Per onestà intellettuale devo ammettere che a me sorprende molto la meraviglia di chi si straccia le vesti denunciando tutta una serie di inefficienze e di incongruenze, pregiudizievoli per la crescita civile e sociale dei giovani e, per riflesso, degli adulti e degli anziani, la cui età media (grazie al buon Dio ed ai supporti scientifici), tende sempre ad allungarsi.

Infatti, se spaziamo su un orizzonte più ampio accantonando preclusioni e passioni civili, peraltro connaturate e, per molti versi, anche comprensibili, logiche e legalitarie, notiamo con rammarico, e legittima indignazione, che la giustizia va male soprattutto per le lungaggini processuali; la sanità funziona a macchia di leopardo; l‘ambiente rischia il collasso; i trasporti sono sempre nell’occhio del ciclone e chi più ne ha più ne metta.

Allora, perché stupirsi delle anomalie della scuola, i cui operatori, gli stessi alunni e la pletora dei genitori immaturi, sono tutti figli del nostro tempo. Quando accadono certe tragedie attribuibili al cosiddetto “branco” di minori e le cronache ce le ripropongono brutalmente in tutte le salse, l’aspetto che più mi indigna, oltre al dolore per il misfatto, è il palleggiamento delle responsabilità tra il mondo scolastico e la famiglia.
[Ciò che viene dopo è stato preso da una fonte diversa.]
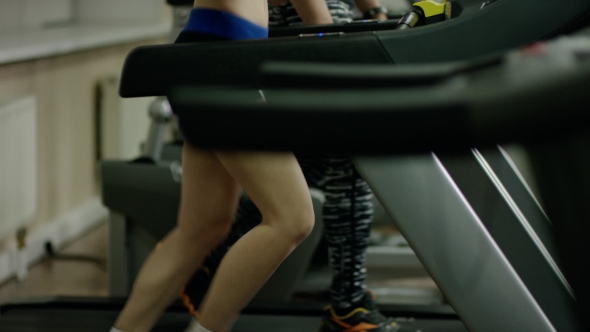 Pretty Smiling Blond Woman Running On Treadmill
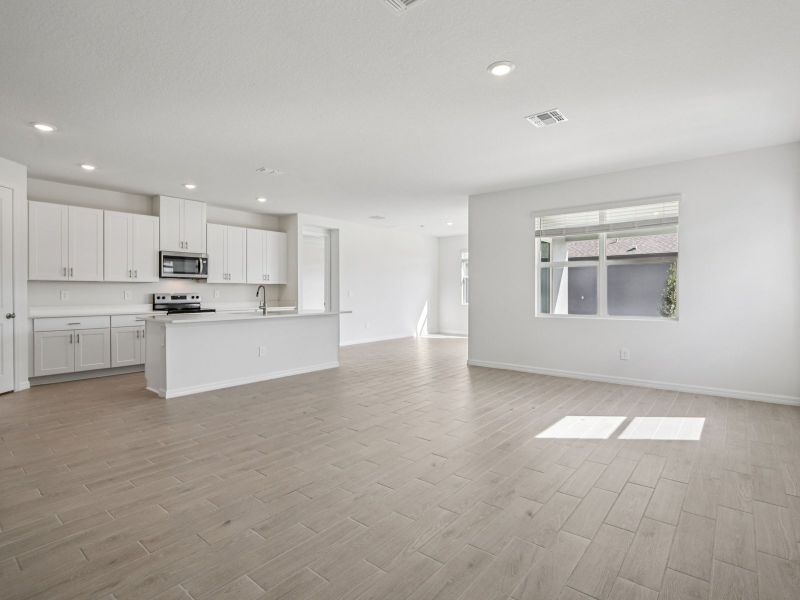 Spacious, unfurnished interior of a new home in Coasterra - Reserve Series, Palmetto (Image 9).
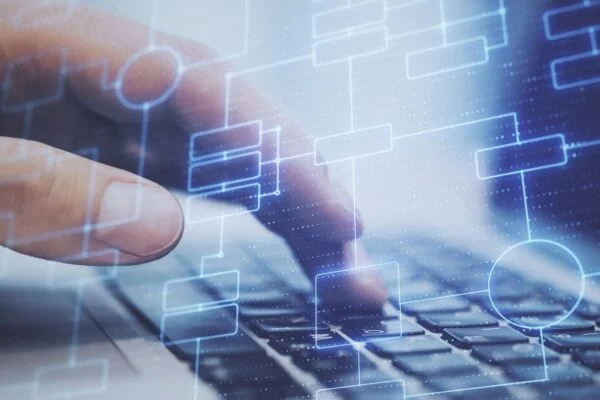 Egy kéz gépel egy laptop billentyűzetén, digitális diagramokkal körülvéve.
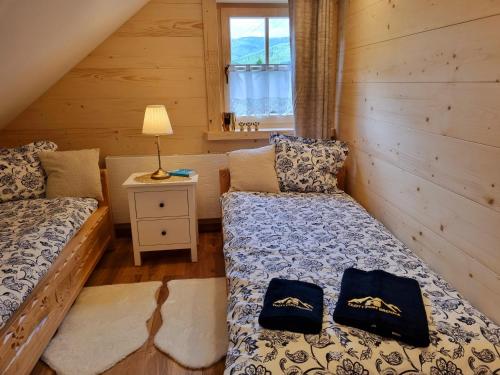 a bedroom with two beds in a log cabin at Złoty Dom Brenna in Brenna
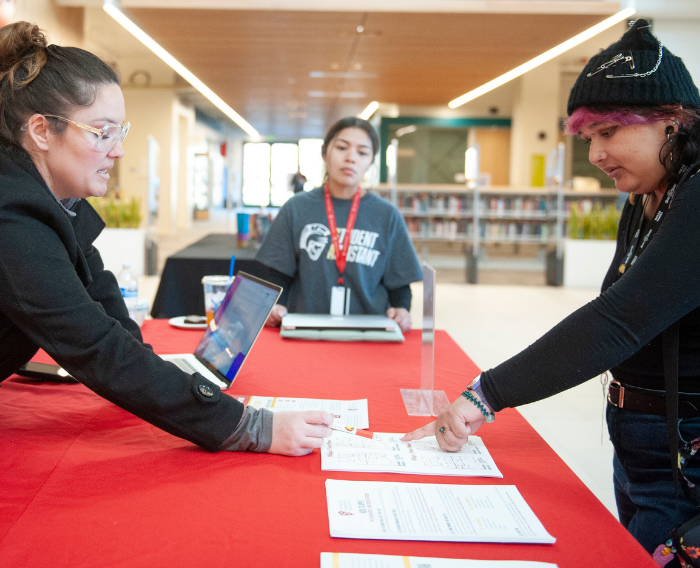 Student receiving assistance from staff at a campus services table.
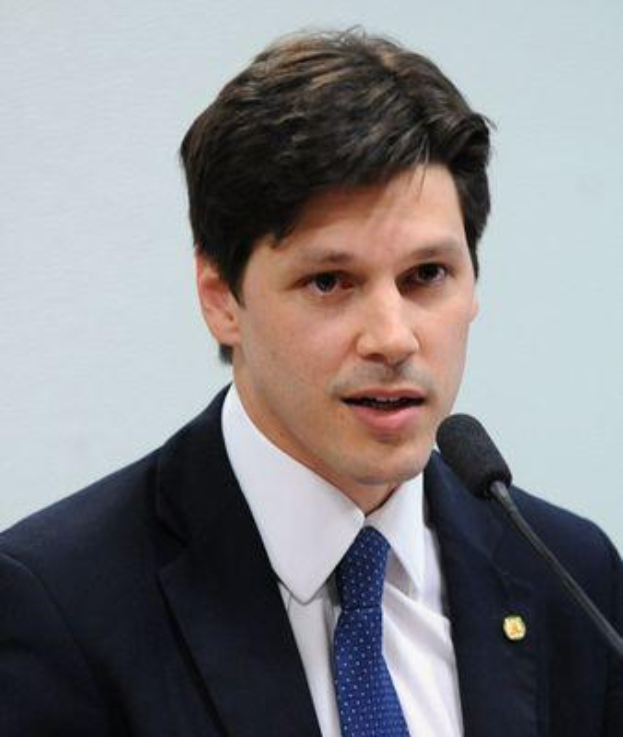 Ein Mann im Anzug und Krawatte spricht vor einer Wand in ein Mikrofon, wahrscheinlich zur Genehmigung eines Gesetzes durch die Regierung.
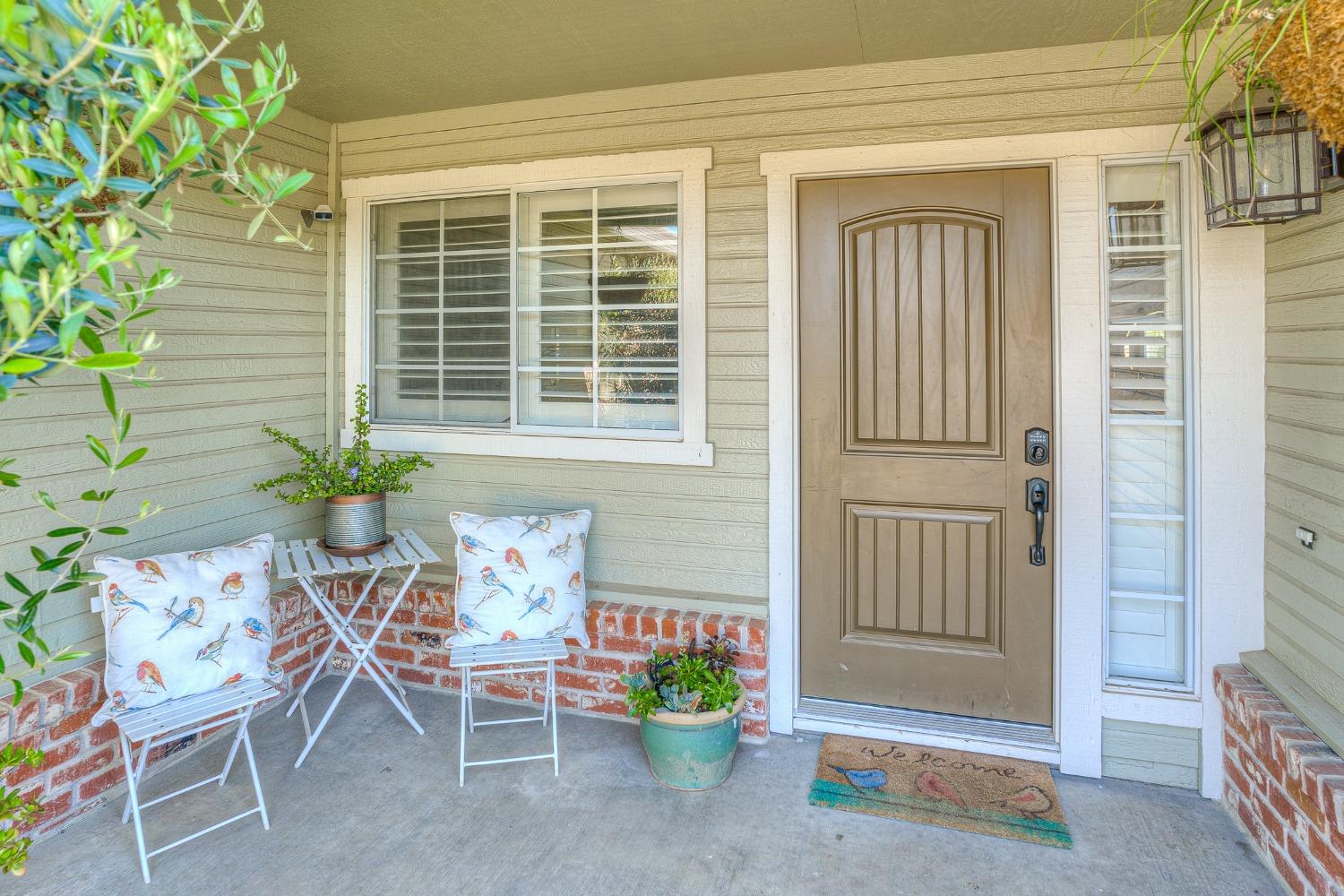 Covered front porch with a tan entry door, white chairs, bird-print cushions, and potted plants.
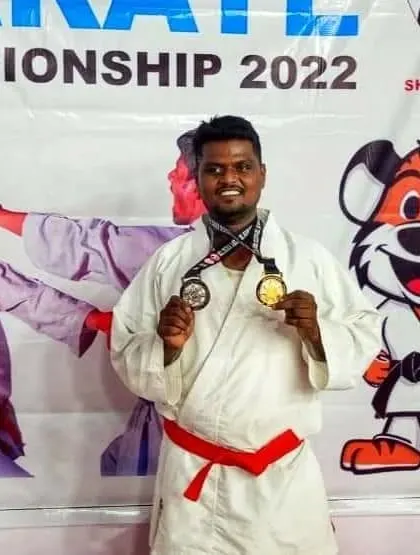 Celebrating two medals, one for Kata (forms) and one for Kumite (sparring), at the National Karate Championship in Mumbai. This shows our strength in multiple areas of karate competition.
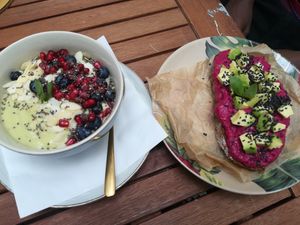 avodaco banana smoothie bowl and beetroot avocado hummus bread  at Artelier Cafe & Bar in Bratislava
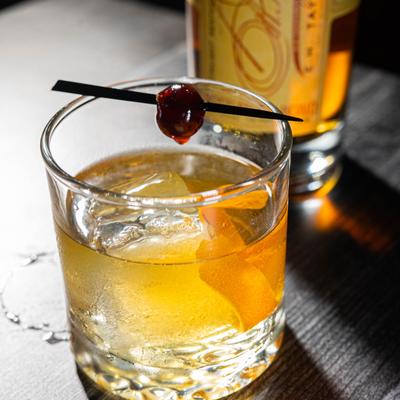 A glass of bourbon cocktail with ice, orange peel, and cherry stick garnish, sits on a wooden table.
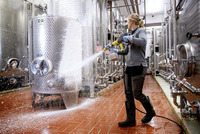 Person using Kärcher high-pressure cleaner to wash large stainless steel tanks in an industrial setting with red tiled floor.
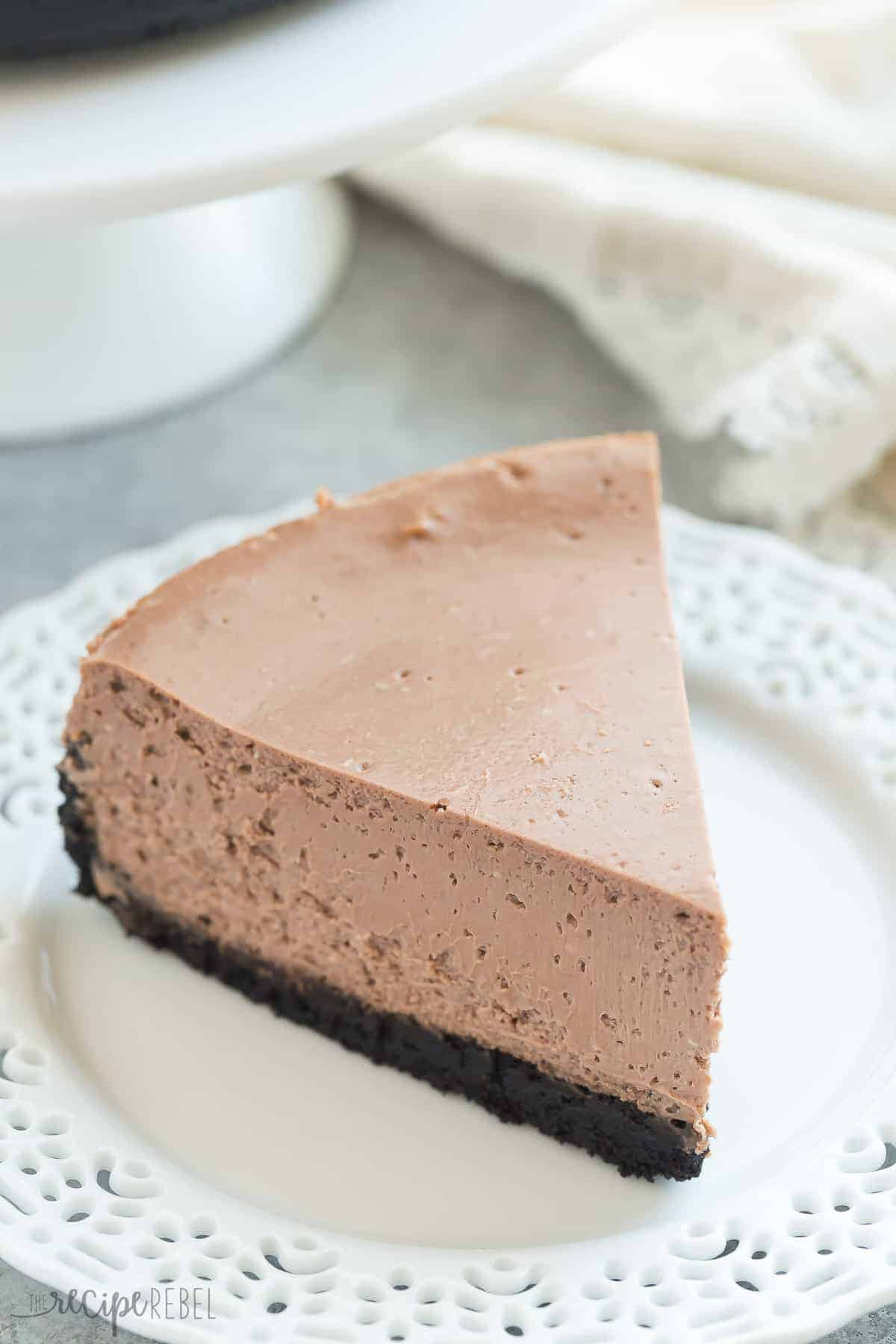 This is the BEST Chocolate Cheesecake! It's perfectly rich, creamy (with the help of Greek yogurt), and bakes up with no cracking and no water bath needed. This is the easy way to perfect baked cheesecake!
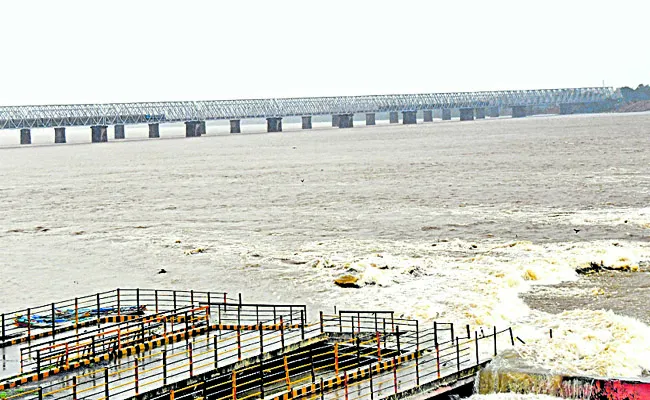 Rising flood elevation at Prakasam Barrage - Sakshi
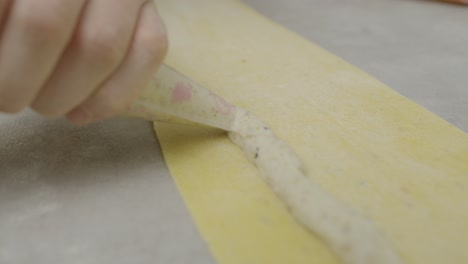 layering down white mushroom sauce onto lasagna dough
Certo, oggi il rapporto “funzionale” (non quello affettivo), tra genitori e figli, è profondamente cambiato, specie per quanto riguarda il ruolo della madre-lavoratrice, costretta, credo suo malgrado, a demandare ad altri (baby-sitter, insegnanti di sostegno, nonni, quando sono disponibili), attribuzioni importantissime proprie. Alla sera, poi, quando si potrebbe e si dovrebbe avviare un dialogo o una conviviale conversazione nel contesto familiare, spesso affiora la stanchezza e fa capolino lo stress che pervade molte coppie di genitori, i quali, con la complicità di quel devastante strumento mediatico chiamato televisore, rinviano “sine die” l’approccio coi propri figli, accarezzando l’illusione che certi tipi di problemi possono essere affrontati e risolti nell‘ambito scolastico. Gli attuali docenti, dal canto loro, hanno ben poco in comune con i loro predecessori, i quali consideravano l’insegnamento una vera e propria “missione”, surrogando il carente impegno dei genitori, spesso sfiniti dal pesante lavoro nei campi, scarsamente acculturati” se non addirittura analfabeti.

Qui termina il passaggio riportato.